It is different from Twitter, however, in that it seems largely, almost exclusively, to consist of conservatives who are sympathetic to the so-called “alt-right.” Right now Gab is essentially where angsty conservatives go to rage, and that’s ok. The site isn’t even a month old and boasts roughly 12,000 active accounts with tens of thousands more waiting to get their invite. I suspect that if Gab is still popular in a few years, many of these same 12,000, assuming they’re still active, will look on these as being the good old days.

I personally would prefer if Gab became more like Twitter in the sense that, while maintaining its commitment to free speech, it’s appeal would broaden to the general public just looking to network with their friends and to journalists, politicians, government officials, etc… I would also prefer if Twitter became more like Gab in the sense that it was less prone to bias against its own users and banning them for expressing unpopular opinions. Twitter and Gab competing against one another can only be good for both of them, and their user base. I personally want them both to succeed.

I do have some problems with Gab, however. I won’t bother listing the features that aren’t currently available since, again, the site isn’t even a month old and is in the private beta stage of development. That said, I do not care for the Reddit-style upvoting and downvoting feature on people’s posts. As a company that prides itself on giving a platform to people who have been silenced on other websites for their views, I wouldn’t think they’d want to include a feature where the mob can essentially bury any post they dislike.

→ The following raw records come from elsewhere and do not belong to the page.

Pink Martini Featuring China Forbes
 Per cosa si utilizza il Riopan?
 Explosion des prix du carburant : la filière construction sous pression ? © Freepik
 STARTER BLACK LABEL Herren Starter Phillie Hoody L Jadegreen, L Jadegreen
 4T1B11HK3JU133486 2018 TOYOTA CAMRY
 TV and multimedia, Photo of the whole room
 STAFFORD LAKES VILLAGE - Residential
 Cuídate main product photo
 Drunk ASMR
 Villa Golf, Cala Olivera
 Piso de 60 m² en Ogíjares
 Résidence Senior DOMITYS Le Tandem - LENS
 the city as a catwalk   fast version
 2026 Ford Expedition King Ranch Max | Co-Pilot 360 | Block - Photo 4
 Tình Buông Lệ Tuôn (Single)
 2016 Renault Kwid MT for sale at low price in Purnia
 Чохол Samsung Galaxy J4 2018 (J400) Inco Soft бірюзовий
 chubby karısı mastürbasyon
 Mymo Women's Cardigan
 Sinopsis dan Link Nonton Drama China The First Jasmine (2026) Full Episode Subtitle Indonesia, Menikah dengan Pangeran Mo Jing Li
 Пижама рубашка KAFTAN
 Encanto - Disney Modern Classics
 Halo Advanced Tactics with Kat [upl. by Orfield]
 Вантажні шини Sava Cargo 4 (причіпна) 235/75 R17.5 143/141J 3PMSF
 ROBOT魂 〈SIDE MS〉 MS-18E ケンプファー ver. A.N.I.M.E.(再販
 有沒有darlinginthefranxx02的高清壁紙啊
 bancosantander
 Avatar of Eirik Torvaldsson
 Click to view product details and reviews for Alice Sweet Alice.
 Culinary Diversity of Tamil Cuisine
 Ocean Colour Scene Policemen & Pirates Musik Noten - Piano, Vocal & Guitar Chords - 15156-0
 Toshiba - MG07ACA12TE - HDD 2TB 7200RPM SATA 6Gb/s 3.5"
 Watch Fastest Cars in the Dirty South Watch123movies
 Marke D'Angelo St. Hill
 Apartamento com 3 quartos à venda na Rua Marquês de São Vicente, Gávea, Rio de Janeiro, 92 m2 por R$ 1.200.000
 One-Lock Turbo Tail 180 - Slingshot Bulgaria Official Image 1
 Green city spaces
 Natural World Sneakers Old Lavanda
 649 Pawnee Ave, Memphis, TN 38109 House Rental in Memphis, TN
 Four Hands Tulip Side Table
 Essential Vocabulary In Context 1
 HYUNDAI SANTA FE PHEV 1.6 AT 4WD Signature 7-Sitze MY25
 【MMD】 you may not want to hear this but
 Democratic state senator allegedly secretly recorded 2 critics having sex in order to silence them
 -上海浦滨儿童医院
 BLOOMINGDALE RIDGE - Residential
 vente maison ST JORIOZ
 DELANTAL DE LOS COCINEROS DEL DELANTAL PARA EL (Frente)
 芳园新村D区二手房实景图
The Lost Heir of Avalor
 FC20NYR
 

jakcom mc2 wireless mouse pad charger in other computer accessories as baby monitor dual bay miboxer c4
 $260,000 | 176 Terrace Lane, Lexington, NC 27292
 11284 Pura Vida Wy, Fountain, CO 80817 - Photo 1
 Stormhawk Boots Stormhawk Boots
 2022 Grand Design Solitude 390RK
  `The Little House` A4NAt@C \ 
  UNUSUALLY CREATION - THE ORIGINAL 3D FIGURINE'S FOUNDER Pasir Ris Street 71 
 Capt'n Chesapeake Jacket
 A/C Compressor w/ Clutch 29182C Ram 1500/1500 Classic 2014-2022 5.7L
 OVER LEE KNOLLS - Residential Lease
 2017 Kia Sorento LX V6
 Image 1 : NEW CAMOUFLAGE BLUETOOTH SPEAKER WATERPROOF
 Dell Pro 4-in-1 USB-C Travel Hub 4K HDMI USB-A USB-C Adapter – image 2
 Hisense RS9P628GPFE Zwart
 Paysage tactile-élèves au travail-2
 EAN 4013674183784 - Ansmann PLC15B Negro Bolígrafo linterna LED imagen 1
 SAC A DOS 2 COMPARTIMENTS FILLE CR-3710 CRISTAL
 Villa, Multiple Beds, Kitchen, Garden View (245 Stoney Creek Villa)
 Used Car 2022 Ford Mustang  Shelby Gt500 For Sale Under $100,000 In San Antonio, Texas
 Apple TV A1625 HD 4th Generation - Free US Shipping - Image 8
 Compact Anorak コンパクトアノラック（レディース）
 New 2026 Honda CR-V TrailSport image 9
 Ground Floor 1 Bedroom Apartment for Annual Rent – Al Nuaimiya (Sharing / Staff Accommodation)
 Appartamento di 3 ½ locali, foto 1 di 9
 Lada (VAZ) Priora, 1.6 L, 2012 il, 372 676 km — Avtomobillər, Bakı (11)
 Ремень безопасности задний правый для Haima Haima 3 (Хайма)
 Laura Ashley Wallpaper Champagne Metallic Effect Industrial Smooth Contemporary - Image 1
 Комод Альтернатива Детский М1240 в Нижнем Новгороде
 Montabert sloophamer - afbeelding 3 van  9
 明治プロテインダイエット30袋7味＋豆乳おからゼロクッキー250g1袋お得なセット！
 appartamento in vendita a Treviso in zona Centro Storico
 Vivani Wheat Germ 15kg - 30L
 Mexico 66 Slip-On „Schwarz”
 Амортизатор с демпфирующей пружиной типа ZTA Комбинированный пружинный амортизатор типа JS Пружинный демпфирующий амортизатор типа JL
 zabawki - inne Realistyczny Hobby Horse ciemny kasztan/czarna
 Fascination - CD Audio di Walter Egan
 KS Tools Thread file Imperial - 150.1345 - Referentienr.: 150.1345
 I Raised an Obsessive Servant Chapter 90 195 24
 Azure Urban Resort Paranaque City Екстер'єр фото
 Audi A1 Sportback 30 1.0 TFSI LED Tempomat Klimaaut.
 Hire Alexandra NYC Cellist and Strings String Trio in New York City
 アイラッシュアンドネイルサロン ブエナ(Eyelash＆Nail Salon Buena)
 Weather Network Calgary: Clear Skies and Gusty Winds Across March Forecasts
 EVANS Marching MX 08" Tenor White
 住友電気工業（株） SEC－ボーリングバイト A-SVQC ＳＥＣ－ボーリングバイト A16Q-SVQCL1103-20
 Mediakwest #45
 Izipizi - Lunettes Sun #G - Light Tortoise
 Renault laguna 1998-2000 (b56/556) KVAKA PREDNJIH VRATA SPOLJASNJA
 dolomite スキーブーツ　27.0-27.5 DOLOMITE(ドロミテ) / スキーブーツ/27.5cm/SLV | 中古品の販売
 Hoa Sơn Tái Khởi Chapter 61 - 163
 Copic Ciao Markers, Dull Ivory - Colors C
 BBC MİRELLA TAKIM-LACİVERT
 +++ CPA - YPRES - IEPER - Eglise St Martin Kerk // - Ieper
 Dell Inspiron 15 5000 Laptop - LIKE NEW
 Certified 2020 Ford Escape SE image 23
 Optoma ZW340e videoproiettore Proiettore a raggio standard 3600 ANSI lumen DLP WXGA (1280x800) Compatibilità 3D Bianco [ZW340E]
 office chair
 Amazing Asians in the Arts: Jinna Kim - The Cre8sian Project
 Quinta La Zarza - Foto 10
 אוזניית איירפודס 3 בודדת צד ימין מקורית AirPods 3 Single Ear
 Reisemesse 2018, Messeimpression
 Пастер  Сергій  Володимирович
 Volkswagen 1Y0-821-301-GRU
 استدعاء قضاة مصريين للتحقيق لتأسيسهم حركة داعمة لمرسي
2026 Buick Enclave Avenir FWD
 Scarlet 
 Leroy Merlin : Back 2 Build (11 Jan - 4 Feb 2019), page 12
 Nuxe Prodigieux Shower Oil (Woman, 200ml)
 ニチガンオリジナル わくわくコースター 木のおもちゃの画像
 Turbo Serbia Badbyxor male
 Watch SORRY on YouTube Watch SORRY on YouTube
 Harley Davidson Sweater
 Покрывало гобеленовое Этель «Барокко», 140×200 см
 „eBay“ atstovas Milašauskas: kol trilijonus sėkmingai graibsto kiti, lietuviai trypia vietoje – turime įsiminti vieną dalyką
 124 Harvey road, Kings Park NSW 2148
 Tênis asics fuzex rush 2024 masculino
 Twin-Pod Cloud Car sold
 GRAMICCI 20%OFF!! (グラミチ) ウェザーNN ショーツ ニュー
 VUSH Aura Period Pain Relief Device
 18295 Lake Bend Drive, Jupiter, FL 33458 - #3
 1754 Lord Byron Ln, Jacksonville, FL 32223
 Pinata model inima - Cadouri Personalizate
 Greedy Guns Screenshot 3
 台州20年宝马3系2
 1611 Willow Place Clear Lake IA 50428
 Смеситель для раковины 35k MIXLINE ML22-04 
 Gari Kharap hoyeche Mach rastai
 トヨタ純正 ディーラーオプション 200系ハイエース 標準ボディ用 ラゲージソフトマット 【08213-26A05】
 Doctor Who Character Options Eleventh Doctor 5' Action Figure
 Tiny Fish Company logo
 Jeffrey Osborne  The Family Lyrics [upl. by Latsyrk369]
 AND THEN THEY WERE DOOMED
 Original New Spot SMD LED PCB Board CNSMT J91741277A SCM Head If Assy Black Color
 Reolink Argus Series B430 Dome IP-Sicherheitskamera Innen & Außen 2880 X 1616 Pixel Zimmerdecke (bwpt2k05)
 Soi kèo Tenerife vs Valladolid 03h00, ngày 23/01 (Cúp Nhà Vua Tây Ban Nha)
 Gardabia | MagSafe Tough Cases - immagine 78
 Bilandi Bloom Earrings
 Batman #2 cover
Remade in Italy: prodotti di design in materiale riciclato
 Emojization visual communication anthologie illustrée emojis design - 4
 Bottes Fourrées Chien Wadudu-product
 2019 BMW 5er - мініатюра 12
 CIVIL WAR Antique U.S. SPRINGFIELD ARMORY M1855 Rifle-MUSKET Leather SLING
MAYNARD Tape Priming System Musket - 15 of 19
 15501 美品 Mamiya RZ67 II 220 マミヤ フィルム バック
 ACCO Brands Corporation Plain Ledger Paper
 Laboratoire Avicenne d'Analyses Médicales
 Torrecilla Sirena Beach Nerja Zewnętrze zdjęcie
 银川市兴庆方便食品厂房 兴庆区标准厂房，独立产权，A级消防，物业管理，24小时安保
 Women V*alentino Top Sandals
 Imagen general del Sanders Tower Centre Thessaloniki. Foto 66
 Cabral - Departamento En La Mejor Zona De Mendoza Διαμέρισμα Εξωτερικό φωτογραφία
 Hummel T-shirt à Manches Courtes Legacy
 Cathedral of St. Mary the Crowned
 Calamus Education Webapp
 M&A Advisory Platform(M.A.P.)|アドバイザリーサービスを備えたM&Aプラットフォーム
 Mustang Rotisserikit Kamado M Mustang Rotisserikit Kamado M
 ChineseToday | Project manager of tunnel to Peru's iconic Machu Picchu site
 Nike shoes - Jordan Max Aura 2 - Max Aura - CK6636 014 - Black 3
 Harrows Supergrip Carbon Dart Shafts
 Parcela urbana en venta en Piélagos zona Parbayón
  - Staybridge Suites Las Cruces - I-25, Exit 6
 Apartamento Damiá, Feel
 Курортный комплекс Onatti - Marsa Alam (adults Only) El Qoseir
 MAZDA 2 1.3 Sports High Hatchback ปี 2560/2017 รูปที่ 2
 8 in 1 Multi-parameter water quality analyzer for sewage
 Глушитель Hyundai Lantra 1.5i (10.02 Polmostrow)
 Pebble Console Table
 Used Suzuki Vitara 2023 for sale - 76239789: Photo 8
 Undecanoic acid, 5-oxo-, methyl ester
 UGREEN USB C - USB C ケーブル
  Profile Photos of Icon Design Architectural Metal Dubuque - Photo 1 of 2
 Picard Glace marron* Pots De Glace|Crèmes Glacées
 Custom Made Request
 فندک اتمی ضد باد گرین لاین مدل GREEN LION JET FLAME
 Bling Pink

Another problem I have is how Gab promotes right-wing pseudo-celebrities who have accounts on the platform like Milo Yiannopoulos. I should clarify, it simply annoys me that Gab promotes that Milo has an account on Gab, because Milo sent one gab almost three weeks ago and hasn’t been seen since. I don’t care if you promote these people if they’re actually active, but Milo clearly has no interest in Gab right now so let’s quit pretending he does.

Regardless, while I’m hoping that the user-base expands from vulgarity, memes, trolling, and the like to more substantive content sooner rather than later, Gab is currently a fun platform, especially if you like mocking the left. I think the thing that Gab has going for it, especially compared to other social media sites like Ello that had a bit of buzz before going nowhere, is that it knows exactly what it is, and, more importantly, the users know exactly what it is. Gab is the place you go for free speech. You can say whatever you want, and the worst that can happen is nobody agrees with you and some people might put you on mute or downvote your posts.

That said, the moment Gab makes a controversial banning, and it will, they had better be ready to be completely transparent about it to their user-base. If their answer ever becomes, “Because we said so,” then they’ll immediately lose what makes them special. I don’t envy them the balancing act they’re inevitably going to have to walk to maintain trust, but I’m hoping they succeed. Competition is a beautiful thing, and I would rather have more options than less.